= About this task =
Starting with the line in which "17 удивительных вещей" appears, give back every line exactly as written until the listing ends, excluding pictures.

= Records to process =

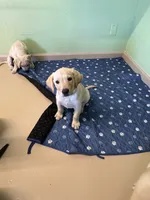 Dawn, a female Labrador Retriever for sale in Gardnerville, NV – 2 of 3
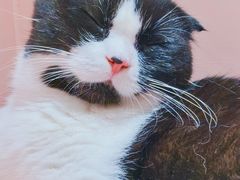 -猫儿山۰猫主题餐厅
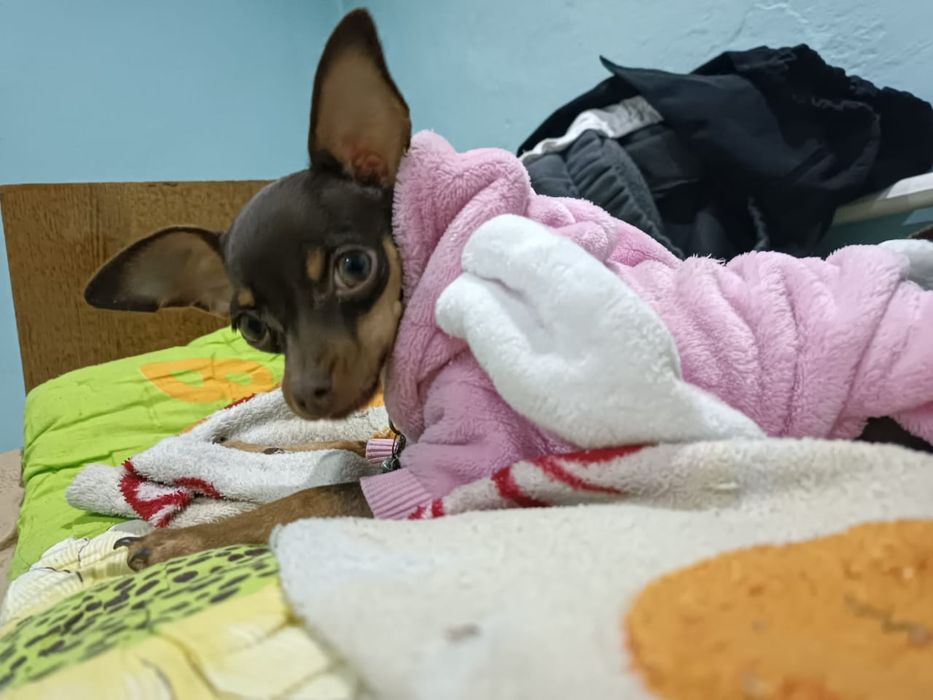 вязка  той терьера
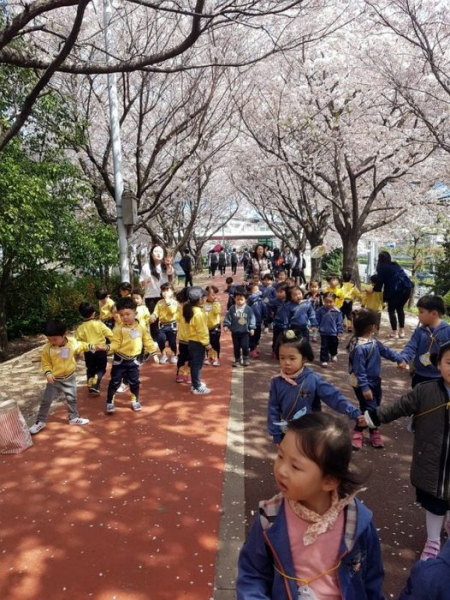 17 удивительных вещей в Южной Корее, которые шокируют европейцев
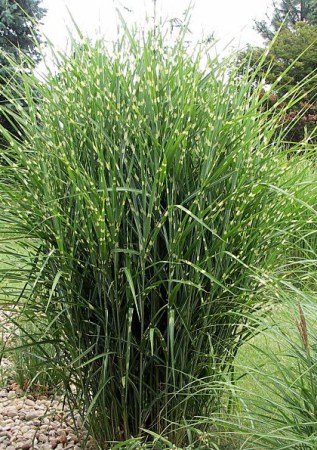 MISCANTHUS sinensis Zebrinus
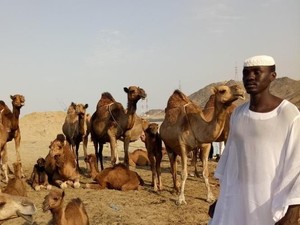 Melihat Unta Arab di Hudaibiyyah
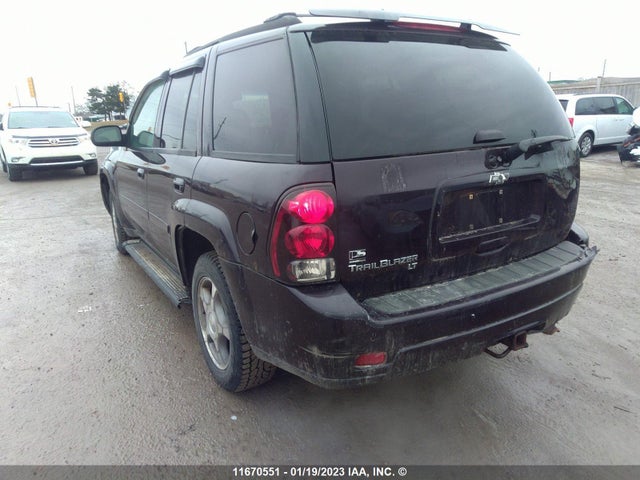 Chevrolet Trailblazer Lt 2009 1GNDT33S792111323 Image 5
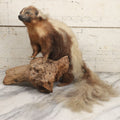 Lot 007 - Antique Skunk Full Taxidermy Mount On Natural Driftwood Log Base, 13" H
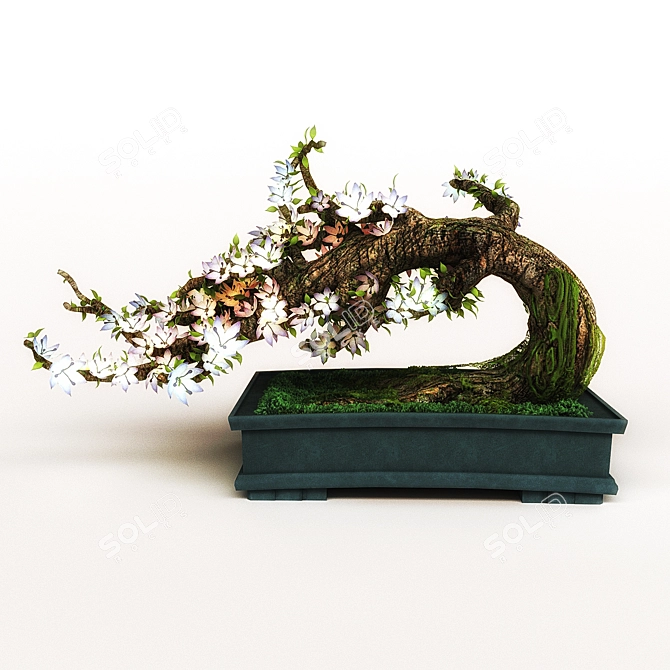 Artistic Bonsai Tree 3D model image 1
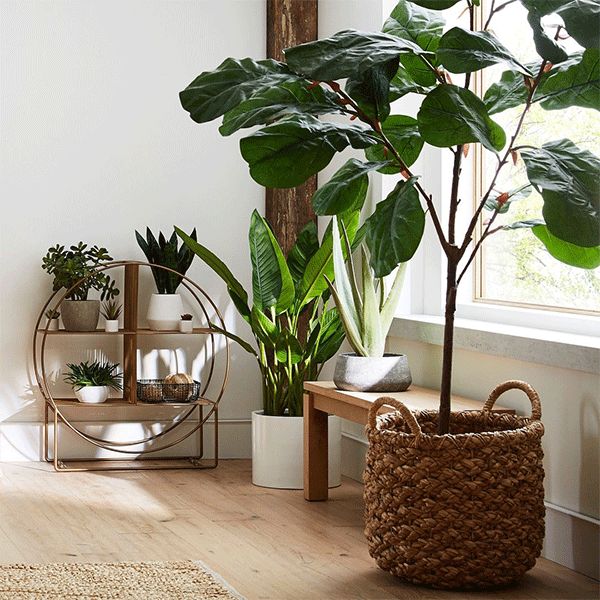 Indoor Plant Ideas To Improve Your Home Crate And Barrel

= Result of this exercise =
 17 удивительных вещей в Южной Корее, которые шокируют европейцев
 MISCANTHUS sinensis Zebrinus
 Melihat Unta Arab di Hudaibiyyah
 Chevrolet Trailblazer Lt 2009 1GNDT33S792111323 Image 5
 Lot 007 - Antique Skunk Full Taxidermy Mount On Natural Driftwood Log Base, 13" H
 Artistic Bonsai Tree 3D model image 1
 Indoor Plant Ideas To Improve Your Home Crate And Barrel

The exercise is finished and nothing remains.